(RECORDS FOR THIS TASK begins)

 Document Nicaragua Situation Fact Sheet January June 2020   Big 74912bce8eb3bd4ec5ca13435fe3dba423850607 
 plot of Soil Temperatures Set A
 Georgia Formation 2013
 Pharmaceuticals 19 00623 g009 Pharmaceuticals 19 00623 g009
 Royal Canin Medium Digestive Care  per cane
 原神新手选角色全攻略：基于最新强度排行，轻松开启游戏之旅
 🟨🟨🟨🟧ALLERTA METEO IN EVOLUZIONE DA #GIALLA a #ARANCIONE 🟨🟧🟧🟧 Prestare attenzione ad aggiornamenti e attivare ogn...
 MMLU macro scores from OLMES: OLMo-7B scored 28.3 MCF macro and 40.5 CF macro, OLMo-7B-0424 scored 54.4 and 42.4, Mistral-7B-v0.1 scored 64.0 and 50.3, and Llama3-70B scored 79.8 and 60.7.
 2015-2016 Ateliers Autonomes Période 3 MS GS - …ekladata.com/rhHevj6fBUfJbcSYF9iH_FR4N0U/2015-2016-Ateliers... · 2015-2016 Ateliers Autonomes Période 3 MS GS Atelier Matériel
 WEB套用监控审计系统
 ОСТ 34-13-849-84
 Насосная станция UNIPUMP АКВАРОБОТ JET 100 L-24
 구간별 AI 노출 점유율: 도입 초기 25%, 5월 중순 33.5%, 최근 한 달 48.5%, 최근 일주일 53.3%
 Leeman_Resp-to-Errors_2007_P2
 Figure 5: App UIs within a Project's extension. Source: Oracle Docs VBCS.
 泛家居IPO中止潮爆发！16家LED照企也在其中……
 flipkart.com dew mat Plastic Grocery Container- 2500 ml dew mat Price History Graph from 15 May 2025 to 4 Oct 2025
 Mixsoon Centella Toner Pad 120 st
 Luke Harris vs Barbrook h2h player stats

(RECORDS FOR THIS TASK ends)

**TASK OBJECTIVE:**
Nothing but the lines from the one with "Figure 5: App" through the last line of the records above should be retyped, and those word for word.

**ANSWER SECTION:**
 Figure 5: App UIs within a Project's extension. Source: Oracle Docs VBCS.
 泛家居IPO中止潮爆发！16家LED照企也在其中……
 flipkart.com dew mat Plastic Grocery Container- 2500 ml dew mat Price History Graph from 15 May 2025 to 4 Oct 2025
 Mixsoon Centella Toner Pad 120 st
 Luke Harris vs Barbrook h2h player stats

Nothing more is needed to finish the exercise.